Foreign investors are seeing two strong aspects in the economy. First, they are bullish on the country's macroeconomic variables. Second, they see a full circle in investor opinion and market action that has taken with regard to industrial and technology counters.
In a recent report, Morgan Stanley, a global investment bank, said, "Investor sentiment is largely in favour of technology stocks rather than industrials."
"Valuations, at six-year highs in the case of industrials and at five-year lows in the case of technology stocks, are not in favour of industrials."
"Our perplexity arises from our view that growth could be cyclically slowing. And even if several industrial companies could be benefiting from structural changes, such as commercial-vehicle demand, the fact is that structural growth rarely survives the cyclical downturn," the investment bank said in the report.
"The leading indicators are slowing.
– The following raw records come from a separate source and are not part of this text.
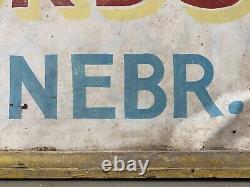 Antique Old 40s Americana Folk Art POLLED HEREFORDS Cattle Ranch Painted Sign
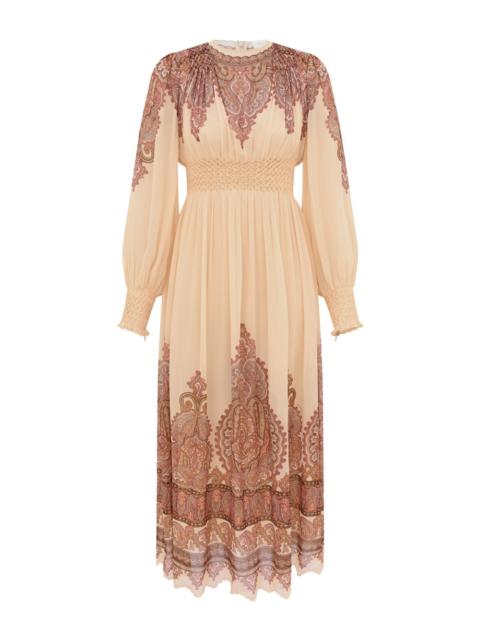 Zimmermann ASCENT SMOCKED MIDI DRESS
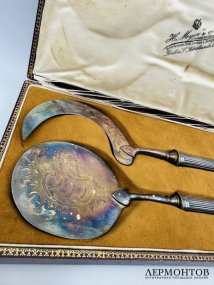 Сервировочный набор для мороженого в футляре. Серебро 800 пробы, H. Meyen & Co., Германия, начало 20 века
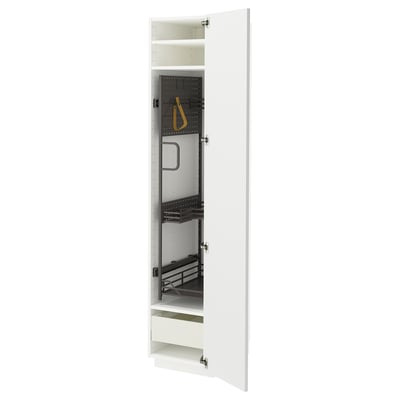 A white METOD kitchen cabinet with a mirrored door, containing shelves and drawers.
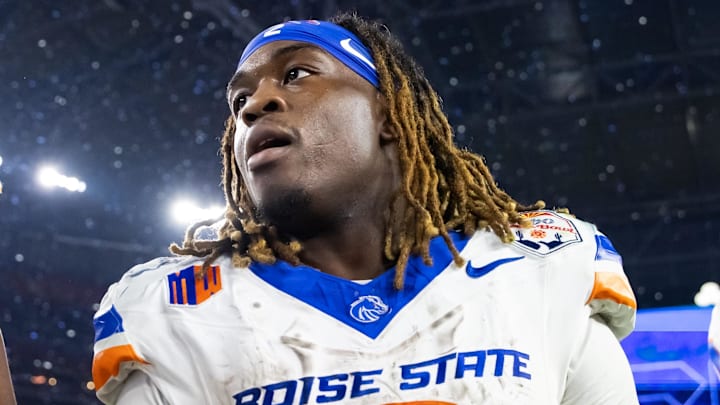 Dec 31, 2024; Glendale, AZ, USA; Boise State Broncos running back Ashton Jeanty (2) against the Penn State Nittany Lions during the Fiesta Bowl at State Farm Stadium. Mandatory Credit: Mark J. Rebilas-Imagn Images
The real currency growth, which leads industrial production by three months, continues to head lower, indicating further slowdown in the coming months," it added.
"On an aggregate basis, old-economy stocks are trading close to their 1997 highs, while the industrial growth rate has halved since then. In contrast, shares of software services companies are trading at five-year lows in valuation terms. The technology stocks have significantly underperformed the market year-to-date despite the recent rally."
Infosys Technologies seems to be the favourite of most foreign funds due to the low valuation gap that it has with the sector.
However, an equity analyst from a domestic brokerage disagreed on the view that investor sentiment is towards technology stocks.
He said, "Most investors have suffered good setback because of the recent meltdown. In fact, in the last bull run which we witnessed, the old economy stocks have performed well."
"Investors are also looking at dividend yields, and old-economy stocks yield better dividends. The fundamentals of old-economy shares are better.
"Technology stocks, on the other hand, have not performed well and most of the guidance coming from the IT companies are also not encouraging. Even second-rung tech stocks have not performed well. Therefore, our interest still remains in the old-economy segment," he added.